*WHAT IS REQUIRED*: Exactly the lines from the one containing "عباية مطرّزة — W065" through the one containing "More Photos Of" in the listing below are to be copied, with the pictures left out.

*GIVEN ENTRIES*:
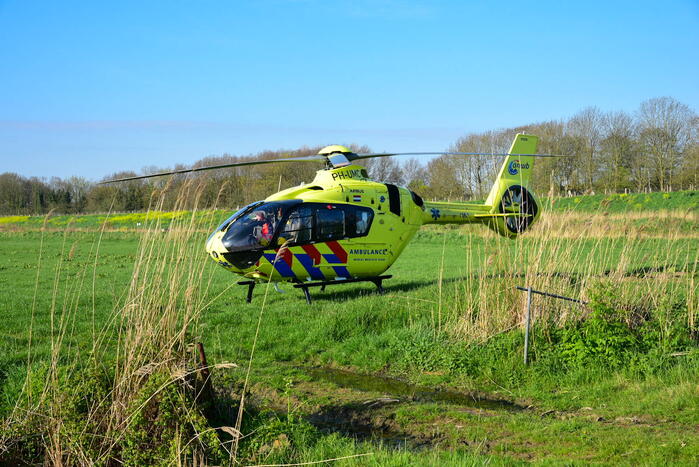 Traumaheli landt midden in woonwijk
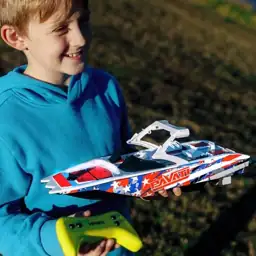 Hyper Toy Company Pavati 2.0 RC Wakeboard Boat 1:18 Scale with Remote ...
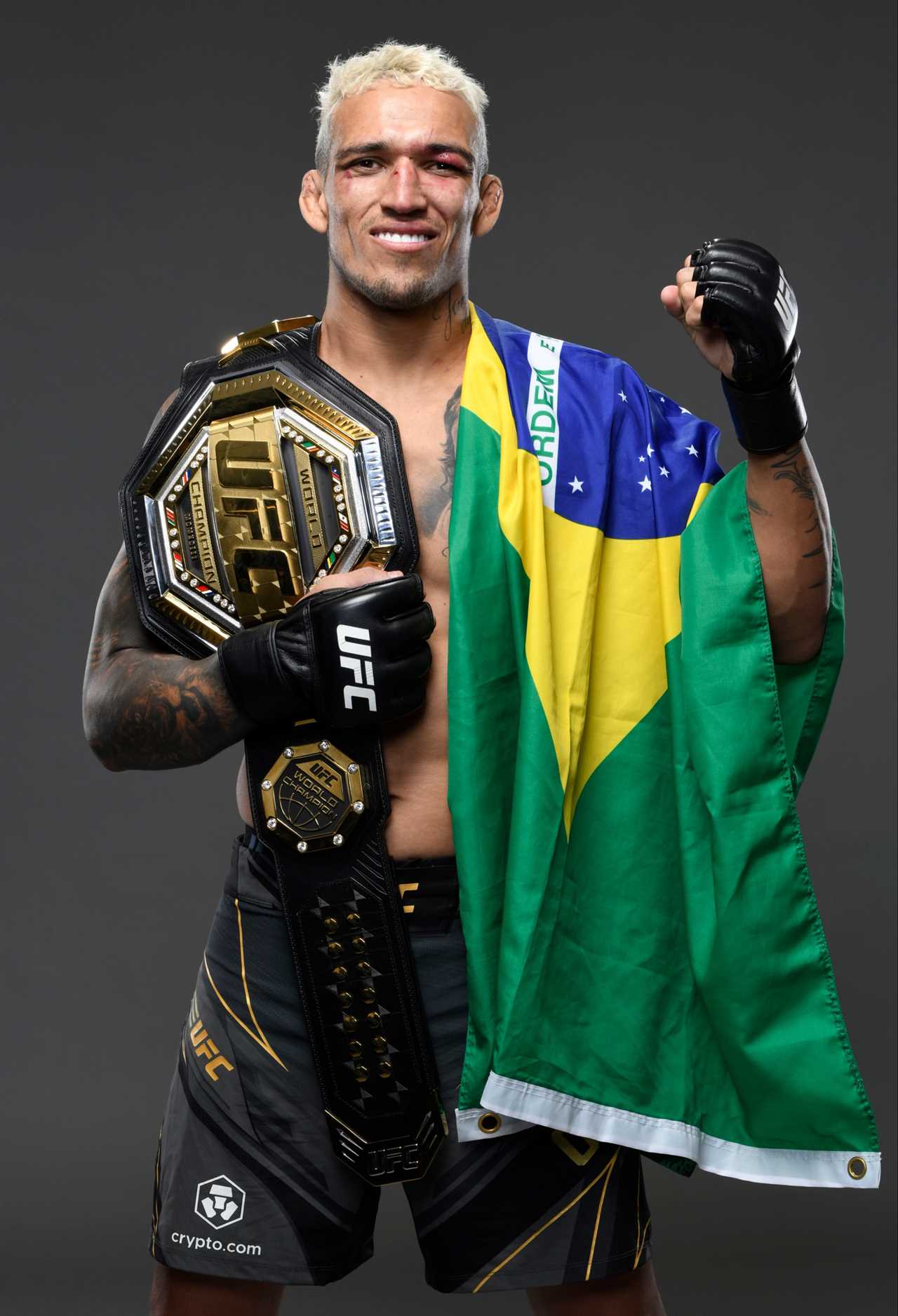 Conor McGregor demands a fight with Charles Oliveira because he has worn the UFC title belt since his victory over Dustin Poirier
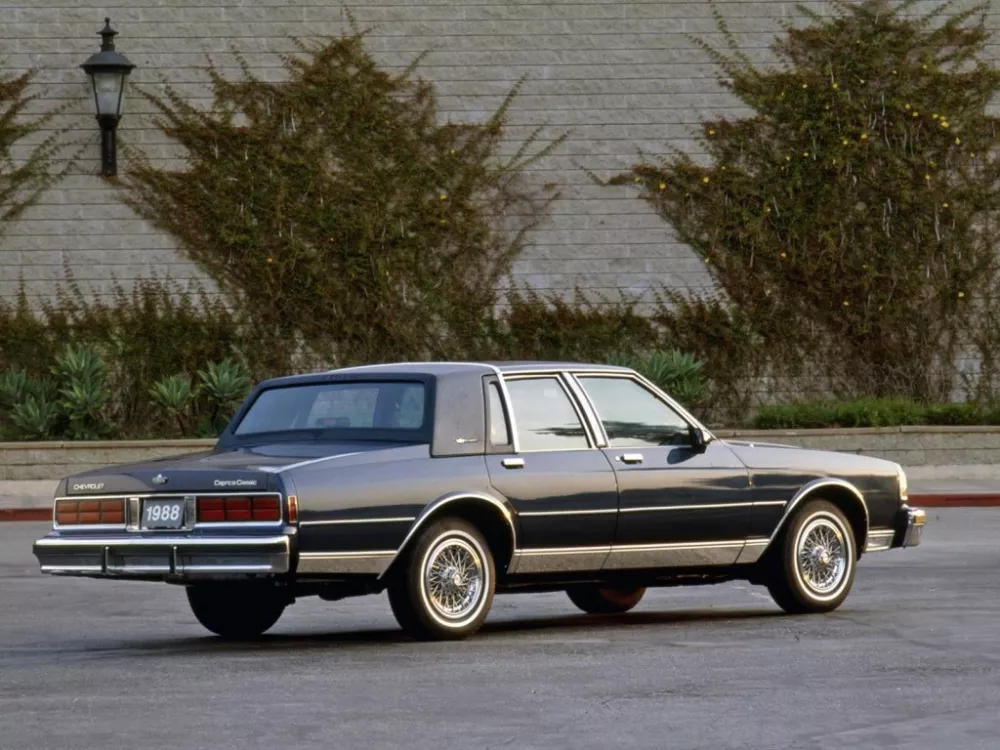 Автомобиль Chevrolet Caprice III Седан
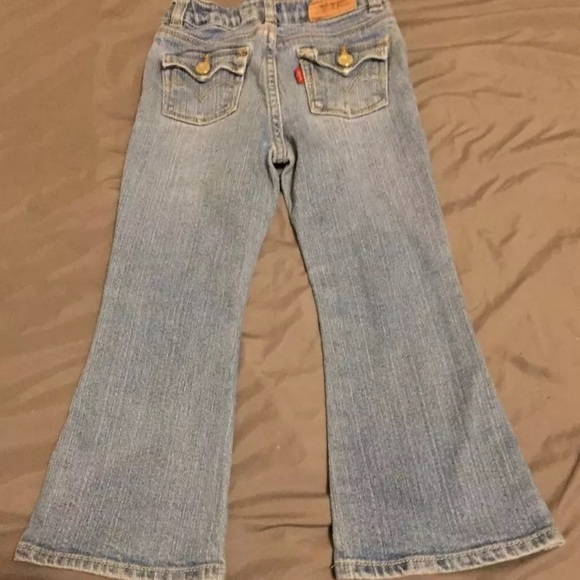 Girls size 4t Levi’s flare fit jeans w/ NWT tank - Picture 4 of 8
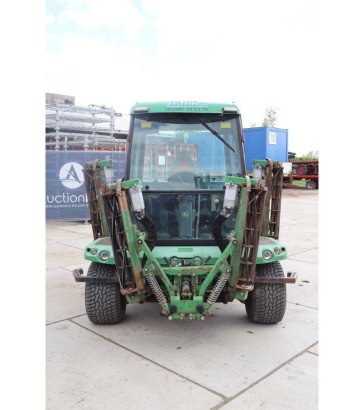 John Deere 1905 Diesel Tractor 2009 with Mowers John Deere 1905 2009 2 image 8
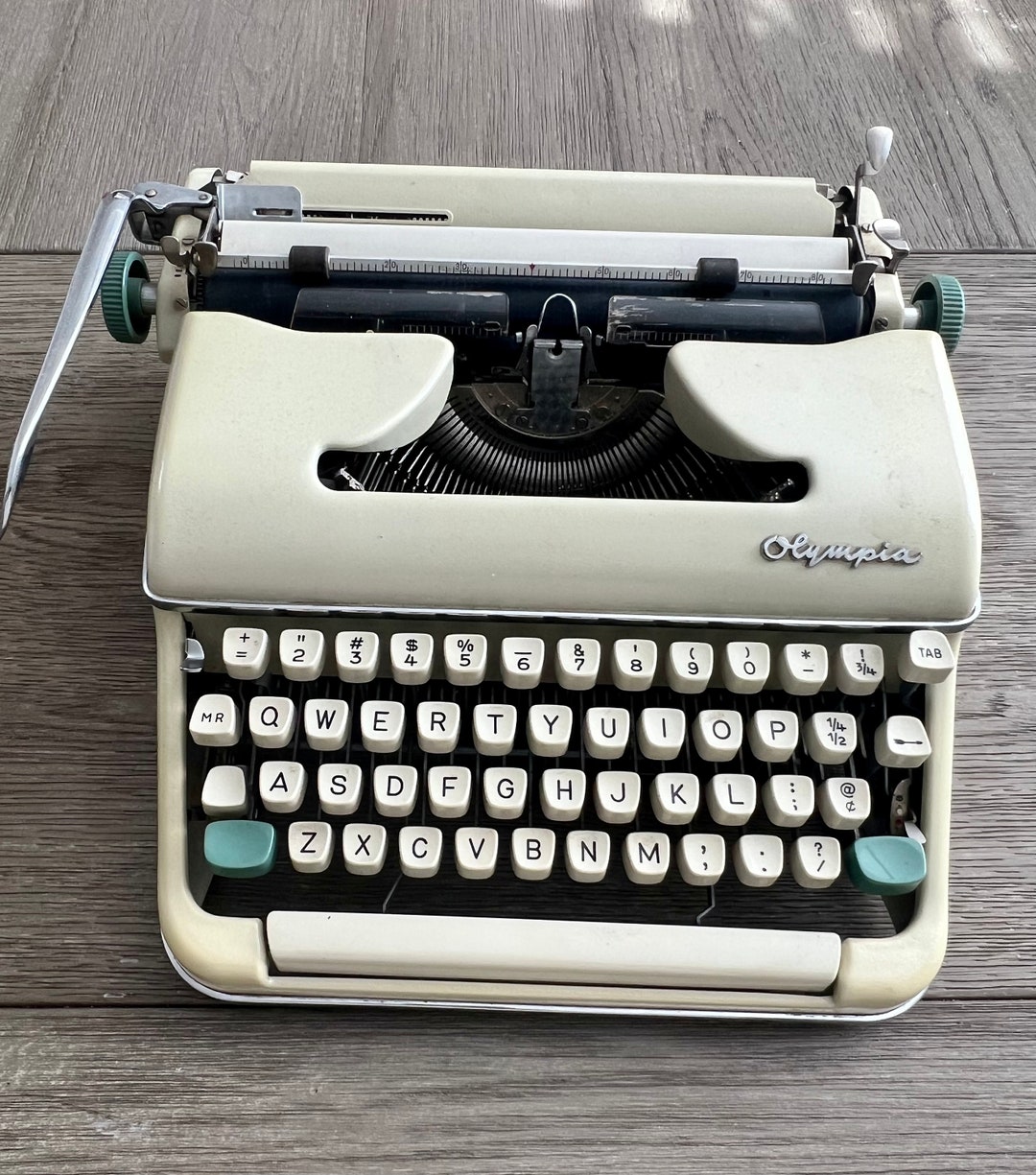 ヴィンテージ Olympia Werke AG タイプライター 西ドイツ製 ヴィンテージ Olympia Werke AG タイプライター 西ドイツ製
---
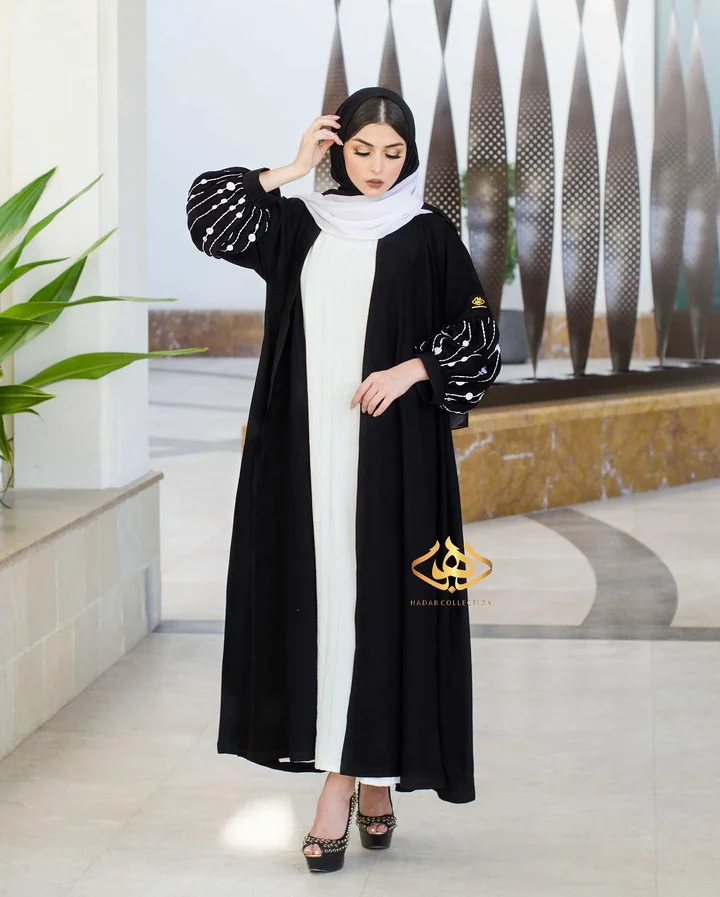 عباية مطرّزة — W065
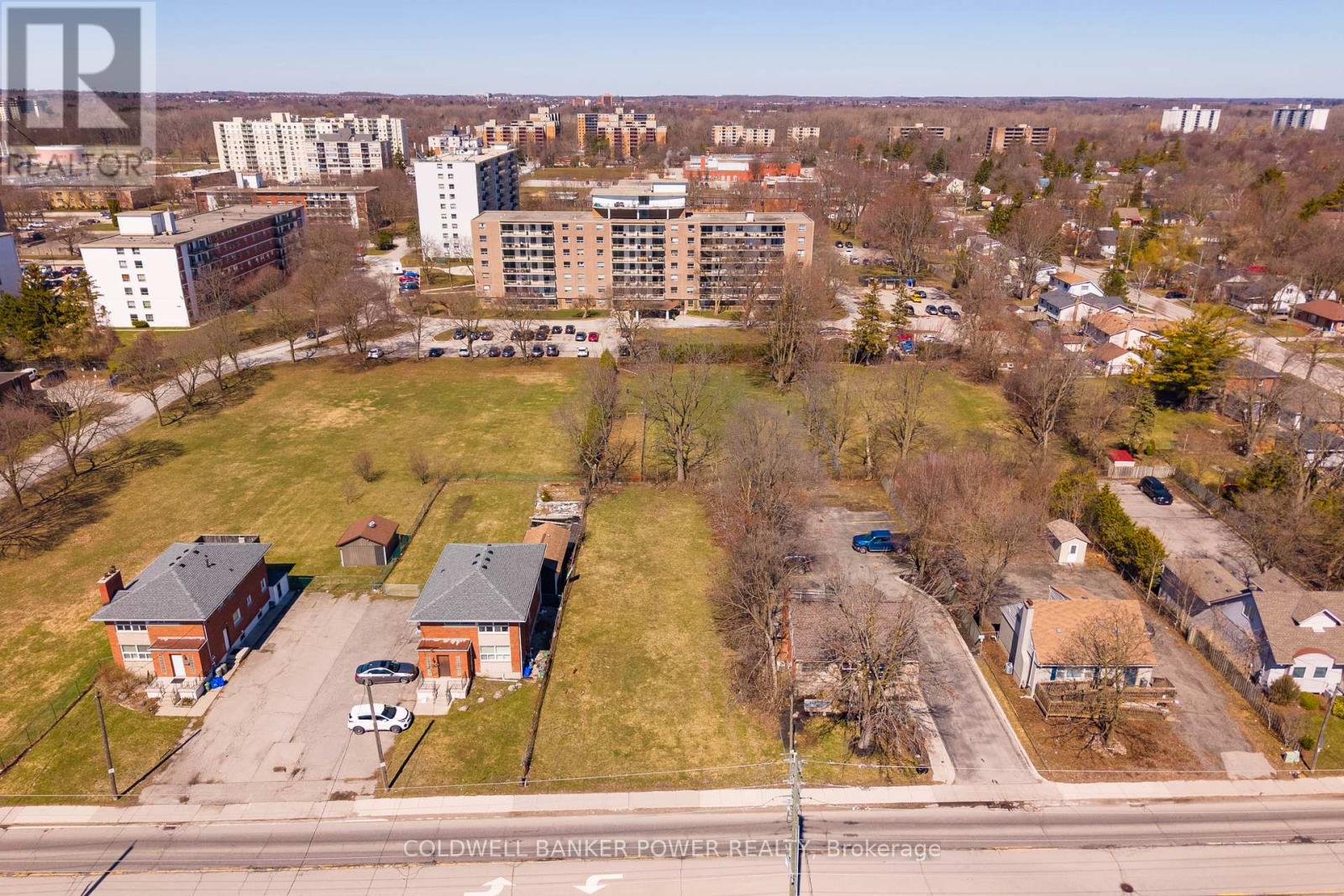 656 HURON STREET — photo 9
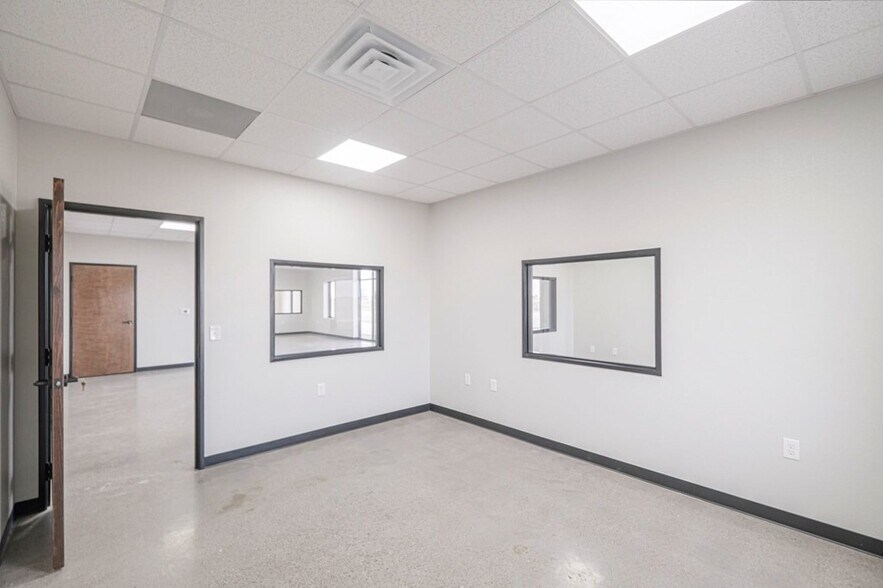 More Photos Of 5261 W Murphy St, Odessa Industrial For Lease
==
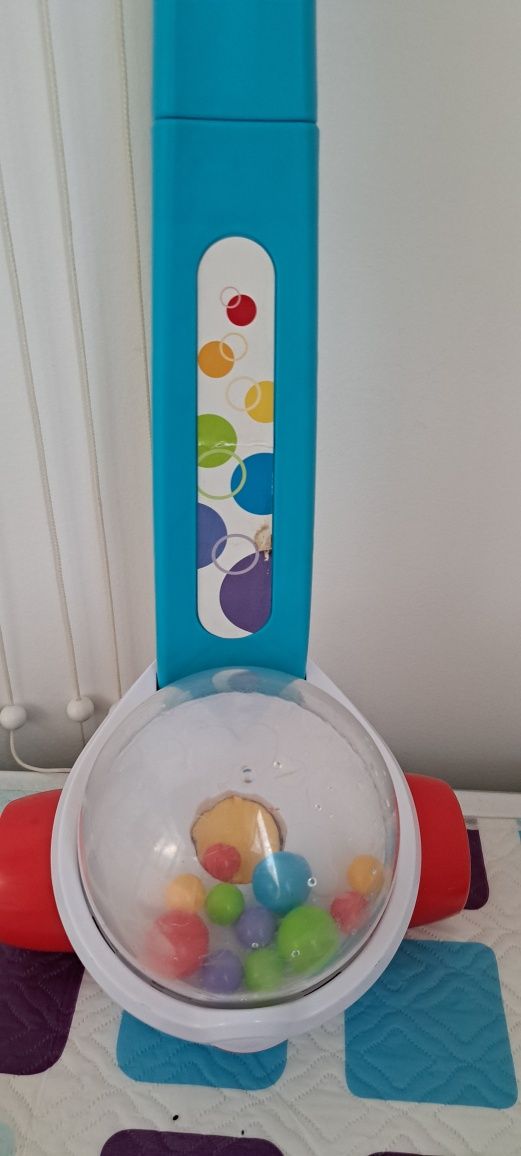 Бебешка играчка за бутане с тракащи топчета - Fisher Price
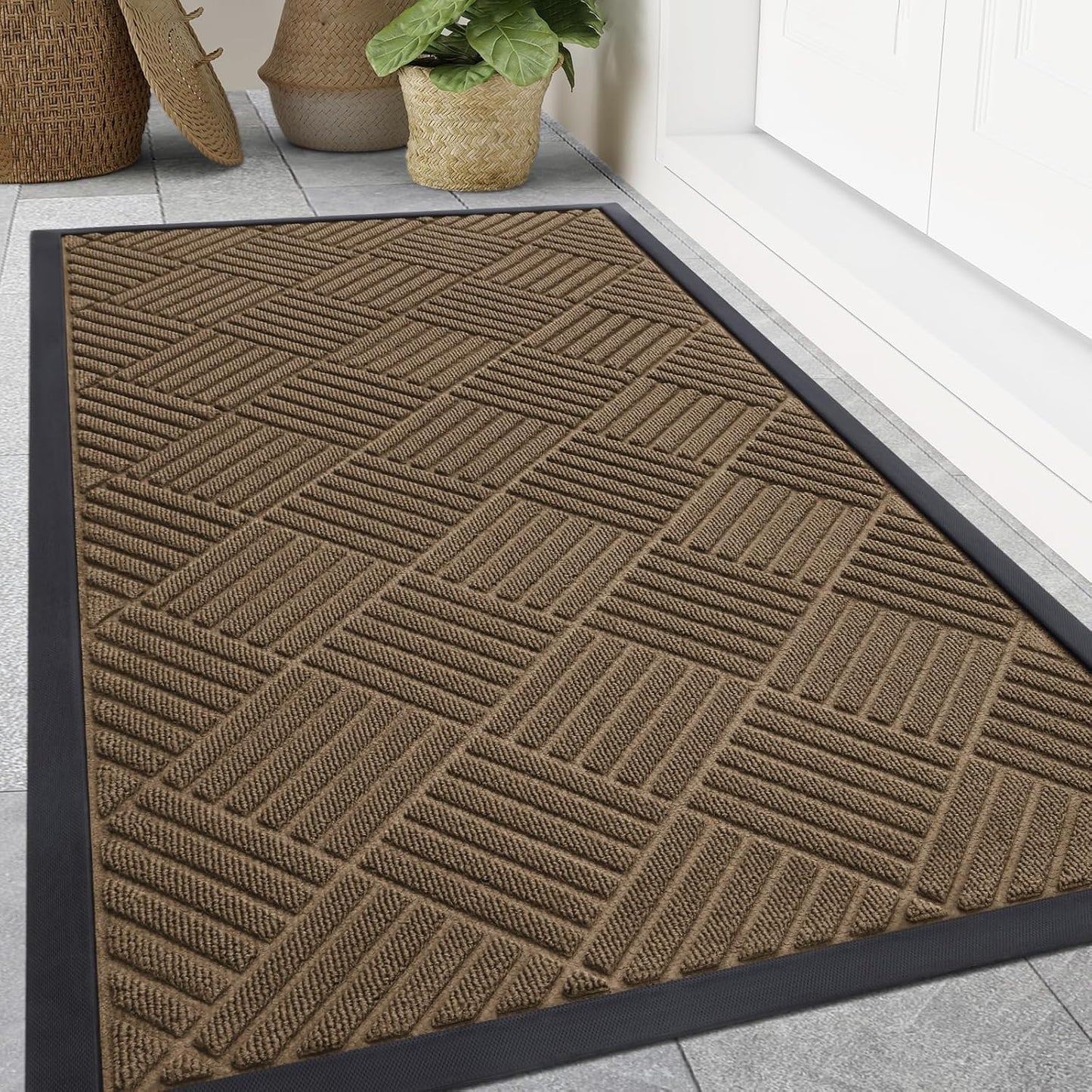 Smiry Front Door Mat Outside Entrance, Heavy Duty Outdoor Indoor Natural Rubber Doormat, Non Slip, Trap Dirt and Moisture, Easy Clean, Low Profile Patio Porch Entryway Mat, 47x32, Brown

*EXPECTED ANSWER*:
 عباية مطرّزة — W065
 656 HURON STREET — photo 9
 More Photos Of 5261 W Murphy St, Odessa Industrial For Lease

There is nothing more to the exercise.